Ireland has always been Easter’s nation. For Christians, the holiday marks not the end of Jesus’ ministry but the beginning of a new covenant with God. Easter is an offer of salvation, not salvation itself. In this century, the Irish republic came to life only through Britain’s defeat of the 1916 Easter Rising. Last week’s Good Friday agreement came to life only after 30 years of sectarian violence and a death toll that includes 3,200 people and the hopes of two generations.
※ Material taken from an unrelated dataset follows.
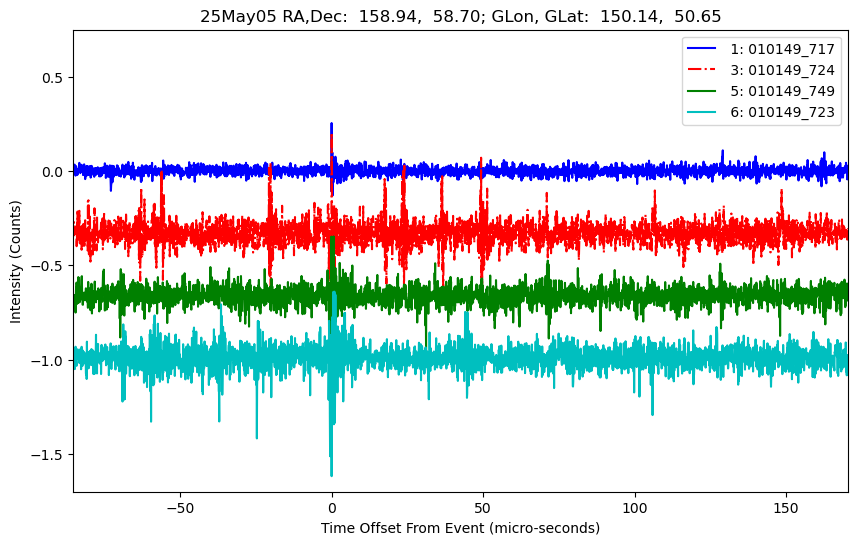 E-25-05-06T010149_717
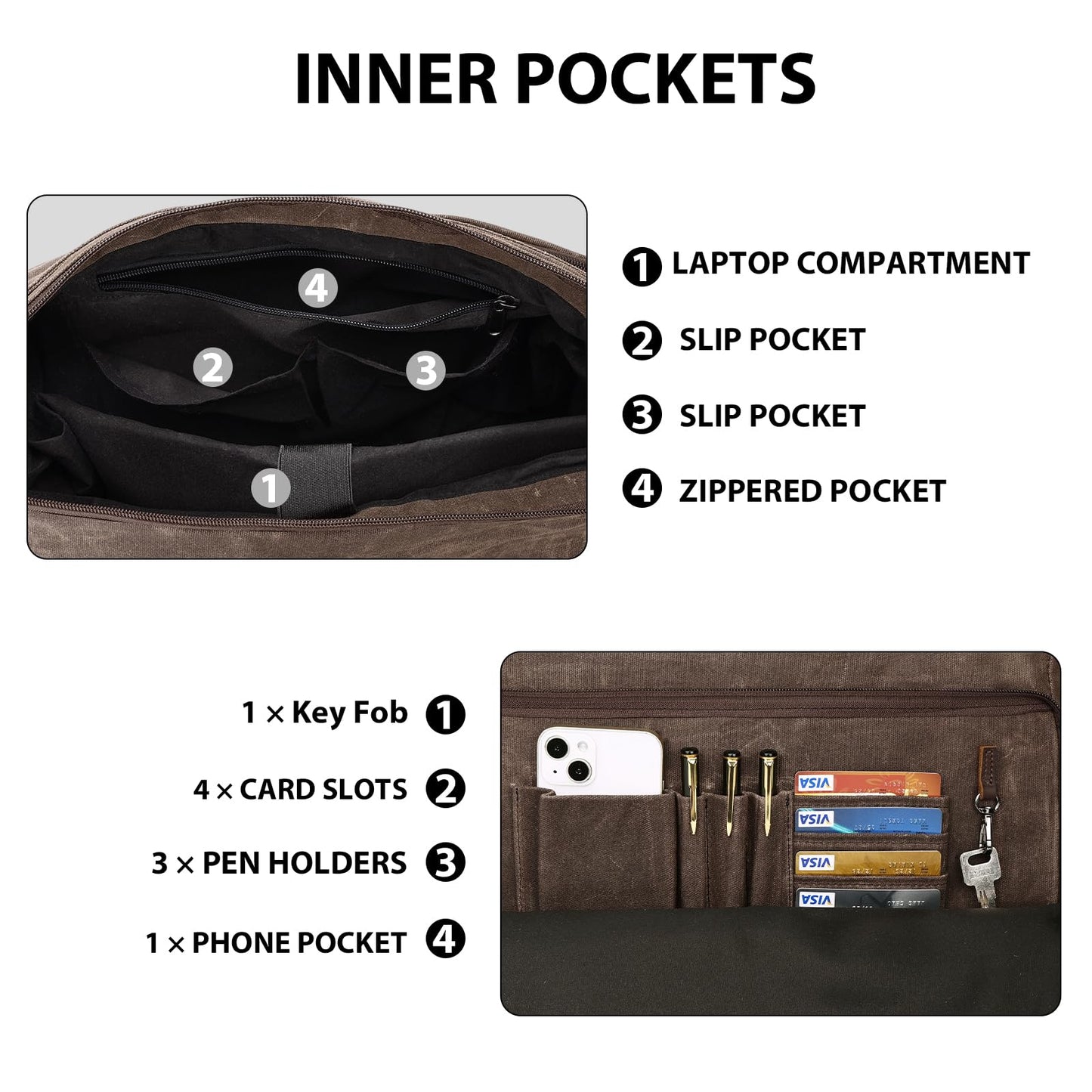 Leathario Messenger Bag, 13 14 15.6 inch Laptop Bags, Lightweight Crossbody Bag, Computer Shoulder Bag for Men Women, Waxed Canvas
Easter 1998 marks an offer of salvation for the people of Northern Ireland. If people there, especially political leaders, choose love, hard work and risk, peace might one day reign. The easy path of continued mistrust, hatred and violence still beckons. Ireland’s history rings through its songs, a collective battle call that sings of the trenches dug within Irish hearts. Putting down the gun requires history’s aggrieved to stop feeling sorry for themselves and their ancestors. Victimhood drives much of Ulster politics, and history’s wrongs spread so bountifully over the green hills of Ireland that everyone can claim a victim’s mantle.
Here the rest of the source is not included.